3. Harada T et al. (2021) Outcomes of methotrexate-associated lymphoproliferative disorders in rheumatoid arthritis patients treated with disease-modifying anti-rheumatic drugs. Br J Haematol 194:101-110.
4. Jalles C et al. (2022) Skin cancers under Janus kinase inhibitors: A World Health Organization drug safety database analysis. Therapy 77:649-656.

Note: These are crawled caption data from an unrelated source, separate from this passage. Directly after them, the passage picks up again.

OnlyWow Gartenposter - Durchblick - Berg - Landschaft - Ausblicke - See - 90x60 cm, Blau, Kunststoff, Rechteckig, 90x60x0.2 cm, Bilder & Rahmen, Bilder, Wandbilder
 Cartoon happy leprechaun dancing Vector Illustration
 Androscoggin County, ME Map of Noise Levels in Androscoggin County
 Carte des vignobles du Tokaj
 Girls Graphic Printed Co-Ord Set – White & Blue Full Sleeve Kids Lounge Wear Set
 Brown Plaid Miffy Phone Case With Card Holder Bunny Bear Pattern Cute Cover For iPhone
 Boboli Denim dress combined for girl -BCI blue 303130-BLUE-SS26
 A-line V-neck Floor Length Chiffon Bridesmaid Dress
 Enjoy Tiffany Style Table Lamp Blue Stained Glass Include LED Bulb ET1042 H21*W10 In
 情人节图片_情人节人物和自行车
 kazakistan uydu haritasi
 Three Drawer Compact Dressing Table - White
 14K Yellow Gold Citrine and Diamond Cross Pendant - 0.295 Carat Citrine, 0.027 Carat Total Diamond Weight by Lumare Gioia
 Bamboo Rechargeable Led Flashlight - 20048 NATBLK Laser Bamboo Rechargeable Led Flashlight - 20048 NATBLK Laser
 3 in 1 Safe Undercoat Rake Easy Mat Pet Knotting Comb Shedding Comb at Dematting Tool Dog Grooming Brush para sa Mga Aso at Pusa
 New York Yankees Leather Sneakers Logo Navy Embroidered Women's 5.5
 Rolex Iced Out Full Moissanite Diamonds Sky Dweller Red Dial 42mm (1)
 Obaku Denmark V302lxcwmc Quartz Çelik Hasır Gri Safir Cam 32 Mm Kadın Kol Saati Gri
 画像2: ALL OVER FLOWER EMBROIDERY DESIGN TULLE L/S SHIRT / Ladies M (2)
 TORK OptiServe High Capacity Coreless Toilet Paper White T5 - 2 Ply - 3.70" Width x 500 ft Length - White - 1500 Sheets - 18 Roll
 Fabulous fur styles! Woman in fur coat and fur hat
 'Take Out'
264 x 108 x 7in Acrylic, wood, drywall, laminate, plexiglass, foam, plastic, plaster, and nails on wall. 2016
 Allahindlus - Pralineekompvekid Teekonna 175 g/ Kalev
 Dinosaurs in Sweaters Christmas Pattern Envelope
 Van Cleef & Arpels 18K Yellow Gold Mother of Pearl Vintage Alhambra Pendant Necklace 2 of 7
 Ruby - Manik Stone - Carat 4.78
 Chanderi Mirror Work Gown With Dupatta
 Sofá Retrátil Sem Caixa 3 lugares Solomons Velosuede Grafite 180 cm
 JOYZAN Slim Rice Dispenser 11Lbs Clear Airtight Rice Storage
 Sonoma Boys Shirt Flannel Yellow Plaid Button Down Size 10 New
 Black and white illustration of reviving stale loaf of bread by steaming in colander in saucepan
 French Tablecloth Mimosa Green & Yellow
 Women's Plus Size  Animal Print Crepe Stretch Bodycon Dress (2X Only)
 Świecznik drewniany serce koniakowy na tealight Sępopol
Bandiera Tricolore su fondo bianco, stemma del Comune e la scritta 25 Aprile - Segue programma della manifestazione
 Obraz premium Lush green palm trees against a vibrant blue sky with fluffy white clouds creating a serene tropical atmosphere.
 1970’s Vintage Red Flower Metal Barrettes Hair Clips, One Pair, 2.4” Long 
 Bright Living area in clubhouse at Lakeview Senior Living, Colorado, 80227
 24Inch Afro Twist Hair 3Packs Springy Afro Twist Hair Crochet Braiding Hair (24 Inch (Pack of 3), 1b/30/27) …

5. Martinez J et al. (2023) Janus Kinase Inhibitors and Adverse Events of Acne: A Systematic Review and Meta-Analysis. JAMA Dermatol 159:1339-1345.
6. O'Shea JJ et al. (2013) Janus kinase inhibitors in autoimmune diseases. Ann Rheum Dis 72 Suppl 2: ii111-115
7. Pavithran K et al. (2012) Janus kinase inhibitors: jackpot or potluck? Oncol Rev 6: e13
8. Prechter F et al. (2019) Janus kinase inhibitors: therapy with a drop of bitterness: reactivation of herpes zoster. Dtsch Arztebl 116: A-1540 / B-1271 / C-1251.
9. Triyangkulsri K et al. (2018) Role of janus kinase inhibitors in the treatment of alopecia areata. Drug Des Devel Ther 12: 2323-2335
10. Tsai SY et al. (2024) Comparative safety of oral Janus kinase inhibitors versus dupilumab in patients with atopic dermatitis: A population-based cohort study. J Allergy Clin Immunol 154:1195-1203.e3.
11. van Vollenhoven RF et al. (2012) Tofacitinib or adalimumab versus placebo in rheumatoid arthritis. N Engl J Med 367:508-519.
12. Veeravalli V et al. (2020) Critical Assessment of Pharmacokinetic Drug-Drug Interaction Potential of Tofacitinib, Baricitinib and Upadacitinib, the Three Approved Janus Kinase Inhibitors for Rheumatoid Arthritis Treatment. Drug Saf 43:711-725.